Lukičić realised that in order to truly get their hands on what they needed, they had to set up their own company that would bring all these skills together properly. In other words, start completely from scratch. He readily admitted that after this Croatian company was created, the actual process of developing artificial intelligence was a painstaking one.
”A lot of statistics, linear algebra, learning, programming, studying, and discussion were needed to eventually have a very small number of code lines. And, there you go, the artificial intelligence was born. But with the science-fantasy part of the story, there was also a business story,”
According to Lukičić, besides its futuristic possibilities, artificial intelligence also provides the possibility of raising hotel revenues in a very specific way. Namely, artificial intelligence of this kind requires very little investment and relies solely on customer spending.

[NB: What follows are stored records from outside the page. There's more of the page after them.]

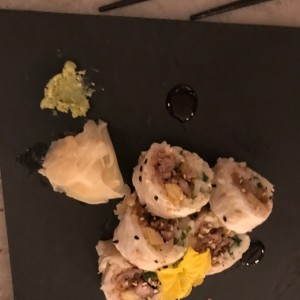 sushi de carne y huevo 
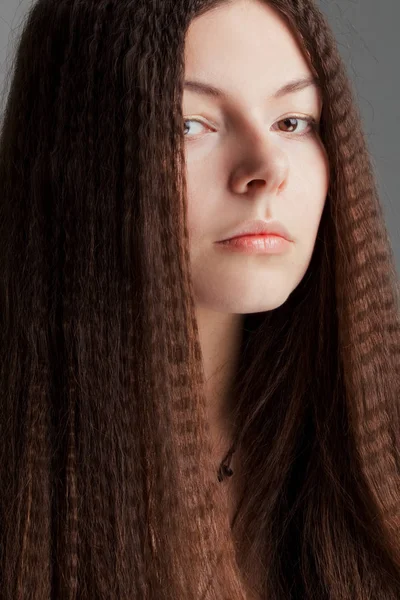 Piękna długowłosy młoda kobieta ma marzenie — Zdjęcie stockowe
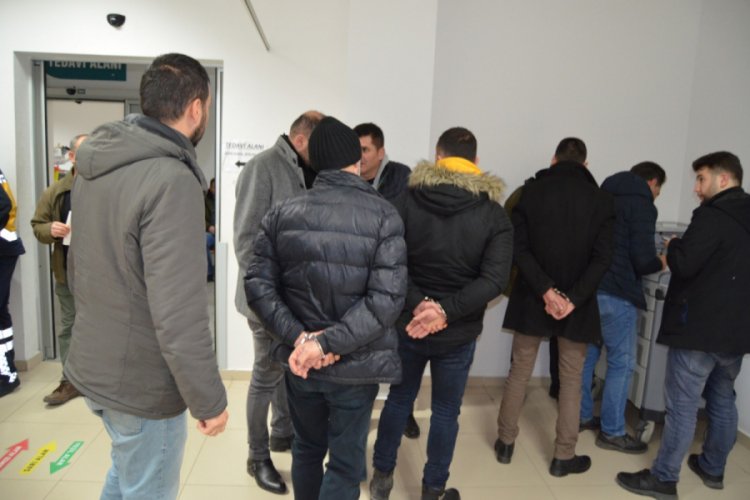İş adamını 780 bin lira dolandıran ş&uuml;pheliler yakalandı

There is no need to expand accommodation capacities or raise prices, which are the traditional ways in which to raise revenue. The goal, he says, is to increase the overall value of the facilities through subtle content delivery, without aggressive and offputting sales pitches and a bombardment of offers.
”According to our tests, in regard to a four-star luxury hotel on the island of Lošinj, which has very low maintenance costs, the profits after the introduction of artificial intelligence doubled,” stated Lukičić, noting that the benefit will depend on a number of factors, such as the type of hotel, its existing maintenance costs, as well as any planned investments for the future.
As far as further plans are concerned, Lukičić hopes that by the end of the year, Acquaint, which currently has only six employees, could sign a global agreement to introduce their system to some European and Asian hotels.
”We’re already working with Oracle engineers to create a certified interface for our product. That would make Oracle one of our sales channels,” says Lukičić, referring to the Croatian company’s collaboration with a multinational IT company. They are also in contact with Amazon, the largest e-merchant whose voice technology is being used already, but for any type of official co-operation, he will have to open an office across the pond in the United States.
“All this gives us enough arguments to say that what we do makes sense even though we’re currently a research and development company and we aren’t making any revenue,” Lukičić concluded.